Although the picture doesn’t begin to do it justice, the sandwich is scrumptious and quite large. I also got to sample their chili cheeseburger and although the picture didn’t come out, the chili burger rocked. The burger itself is a great blend of beef chuck, short rib and brisket, cooked to perfection on the griddle and topped with the house made chili. I always try to sample house chili and I’m usually disappointed. Not tonight. The chili hit all the right notes and featured a smokiness that comes from using the smoked meats. It was well balanced between chiles, tomatoes, smoke, spices and love.
There’s so many good dishes that it’s hard to choose, but on our return trip, Anna decided she couldn’t live without the Chinese Chicken Salad. Not surprisingly, it was a masterpiece. Jamie makes all of his dressings from scratch and the dressing on this salad was exquisite. I figured it would be; but to put it in your mouth the flavor just pops. The chicken was very moist and the salad was so big we couldn’t finish it.
It was great to see Vickie and Mallory again and we made plans to come back to Jaime’s just as soon as we can get back to Sacramento. As you can see from the picture, Mallory has a big dazzling smile that lights up the whole room.
I drove back to Jamie’s in the wee hours and barged in on Jamie and his cook Gary Hoover.
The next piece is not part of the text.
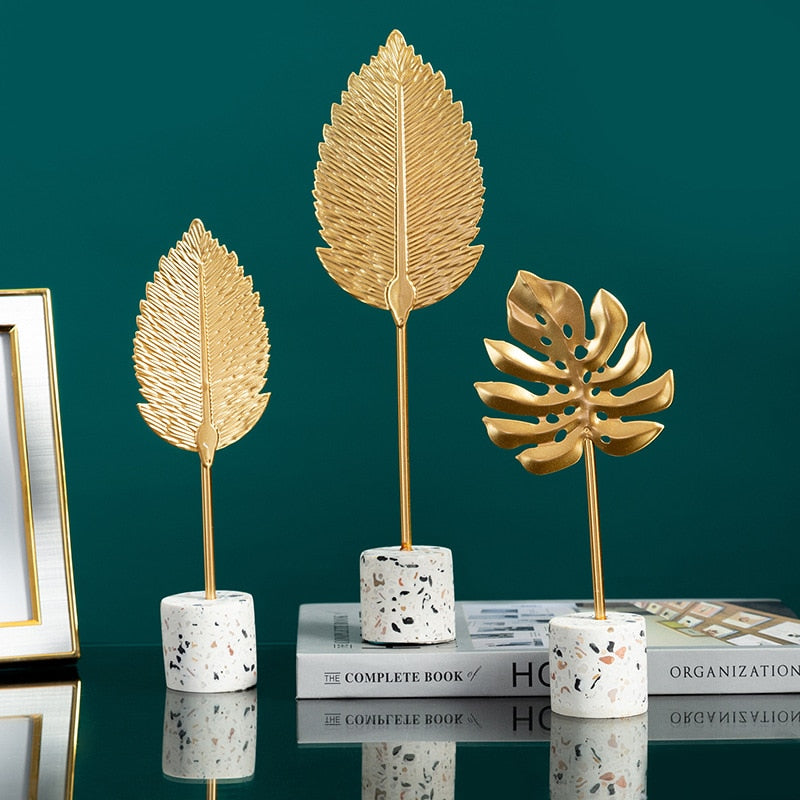 Nordic Gold Ginkgo Leaf Crafts Leaves Sculpture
It was a little tight in the small kitchen and a little awkward at first, but they kept on working and I did my best to stay out of their way. I felt like Charlie with the golden ticket to the chocolate factory watching all the good cooking going on.
I really wanted to pick Jamie’s brain about his cooking and he was good sport about it. We spoke at length about his meatloaf, fried chicken, braised short ribs, and many other great dishes. We spoke about the history of the restaurant and he showed me around, including the big smoker out back. Gary was friendly too and has been there loving his job for going on ten years. Mallory has been there about eight years (started in high school) and she already has graduated college with a degree in Nutrition. Good people all around. Not your typical dive bar crowd.
I was amazed at the quality and expertise of all the cooking that Jamie shared with me. He doesn’t cut any corners (although most people wouldn’t notice the difference). He uses the best ingredients too, like Mary’s organic air-chilled chickens. The meatloaf features a blend of at least five different cuts of meat and it comes with mushroom gravy (yum). I asked Jamie how he started his mushroom gravy (thinking it would be butter, onions and mushrooms). Nope. How about pancetta, shallots and demi-glace. Shut up!
We had a blast talking about food and cooking and I asked Jamie why he does it. It’s not glamorous and it probably won’t make him rich; but he does it for the love of making good food and doing it right. He loves to cook and that’s why he is being featured here. It’s the same reason I make the effort to meet people like him; because they are doing what they love and following their passions. I’ve had the good fortune to meet some really fine people all over the country, and I’ll be adding the crew at Jamie’s Broadway Grill to the list. Can’t wait to go back. We’ve already made plans to coordinate the Meatloaf, Braised Short Ribs and Kobe Chuck Roast for our next visit. And lets not forget the Fried Chicken.
Jamie’s Broadway Grill is a hit. They may not have bright lights or dancing girls, but they’re putting out world class food, cold drinks, friendly professional staff, all in a laid back atmosphere that says come for the good times and leave with a big smile on your face.
I can honestly say I’ve never looked so forward to going back to Sacramento.